Transition Temperature and Upper Critical Field in SmFeAsO1-xFx Synthesized at Low Heating Temperatures

TL;DR

This study demonstrates that low-temperature synthesis of SmFeAsO1-xFx superconductors at 900°C enhances critical temperature and upper critical field, offering a more effective and practical method for improving superconducting properties.

Contribution

The paper introduces a low-temperature synthesis route using FeF2, which improves fluorine doping efficiency and superconducting properties compared to conventional methods.

Findings

Critical temperature (Tc) reaches 57.8 K.

Maximum upper critical field slope (dHc2/dT) is -8 T/K at x=0.2.

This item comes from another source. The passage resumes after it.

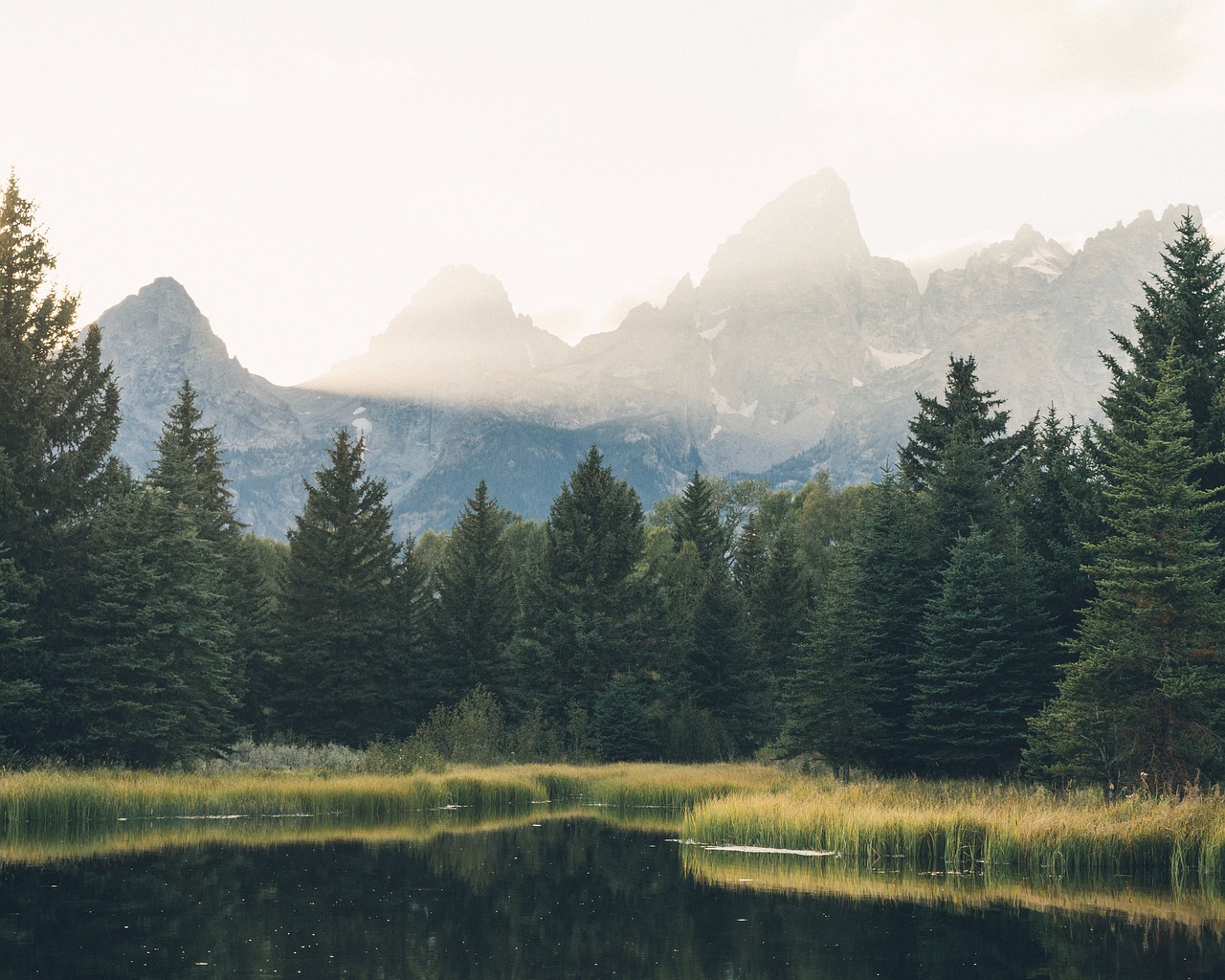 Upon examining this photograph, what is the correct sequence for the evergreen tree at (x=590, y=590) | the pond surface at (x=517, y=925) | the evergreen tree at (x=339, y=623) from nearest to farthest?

Superconducting properties are enhanced with low-temperature synthesis.

Abstract

Low-temperature synthesis is a promising and potentially effective method for improving superconducting properties. We report on the fabrication of polycrystalline samples of SmFeAsO1-xFx with nominal x content varying in a wide range of x = 0-0.35 synthesized at 900 deg C. This synthesis temperature is around 300 deg C lower than the conventional synthesis temperature. The variation in the lattice parameters and transition temperature (Tc) of various F-doped samples indicates that reduction of the unit cell volume (V) seems to be the main reason for the rise of Tc up to 57.8 K. Magnetoresistance measurements showed that the upper critical field slope (dHc2/dT) increased with increasing F concentration up to x = 0.2, where it reached a maximum value of -8 T/K corresponding to a coherence length of 10 angstrom. At still higher F doping levels, dHc2/dT and the low field Jc decreased; above 0.5 T, however, Jc had almost the same value. Compared with previous reports, the present synthesis route with low synthesis temperatures and commonly available FeF2 as the source of F is more effective at introducing F into the SmFeAsO system and thereby resulting in improved superconducting properties for the system. In addition, this new sample preparation method also reduces unnecessary problems such as the evaporation of F and reaction between the crucible and superconductor during the solid-state reaction.